1. Accueil
  2. > Dialogue social
  3. > Pouvoirs Publics
  4. > Conseil national de la refondation (CNR) : on en sait (...)

Conseil national de la refondation (CNR) : on en sait un peu plus !

mercredi 12 octobre 2022

Un peu moins d’un mois après la réunion d’introduction du Conseil national de la refondation (8 septembre 2022), l’exécutif vient de lancer le site www.conseil-refondation.fr. Ce site qui se veut participatif éclaire un peu plus la démarche voulue par le chef de l’État et les différents thèmes qui seront débattus par les acteurs du Conseil de la refondation. Ils pourront donner lieu à contribution de la part de tous ceux qui le souhaitent. Cette nouvelle méthode de concertation réussira-t-elle ?

Retour sur les origines du CNR et sa première réunion

Dans sa présentation sous forme d’une vidéo, Emmanuel Macron rappelle la filiation du CNR avec les démarches qu’il avait engagées lors du premier quinquennat à la suite du mouvement des gilets jaunes. Il y a eu d’abord le Grand débat qui avait suscité un grand engouement sans forcément se traduire par des décisions très visibles même si le chef de l’État en rappelle quelques-unes dans sa présentation.
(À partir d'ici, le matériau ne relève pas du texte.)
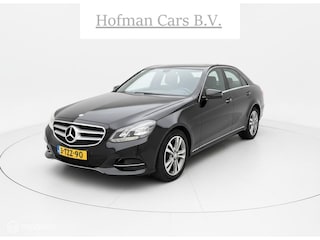 Mercedes-Benz E-klasse 200 CDI Avantgarde Pano-schuifdak FACELIFT 2013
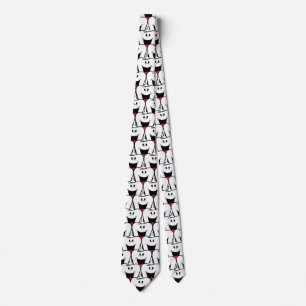 Tooth Party Tie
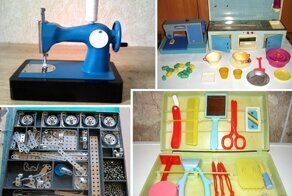 "Все работы хороши - выбирай на вкус!" Игрушки нашего детства, помогающие выбрать профессию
Parmi elles, Il cite la Convention citoyenne sur le climat qui a débouché sur la loi Climat en 2021 et qui procédait selon lui de la même volonté de permettre l’expression citoyenne pour construire la loi. On se souvient de l’espoir suscité par la convention citoyenne mais aussi de la déception de certains d’acteurs sur sa traduction dans la loi.

Le CNR a été présenté par le Président de la République entre les élections présidentielle et législative. Le sigle sous forme de clin d’œil au Conseil national de la Résistance cherche à susciter la mobilisation de l’ensemble de la nation. Il explique qu’il s’agit d’engager une « nouvelle méthode de dialogue et d’action » qui « vise à aller plus loin en intégrant davantage les citoyens et les grands acteurs de notre société sur les grandes transitions de notre pays à venir ».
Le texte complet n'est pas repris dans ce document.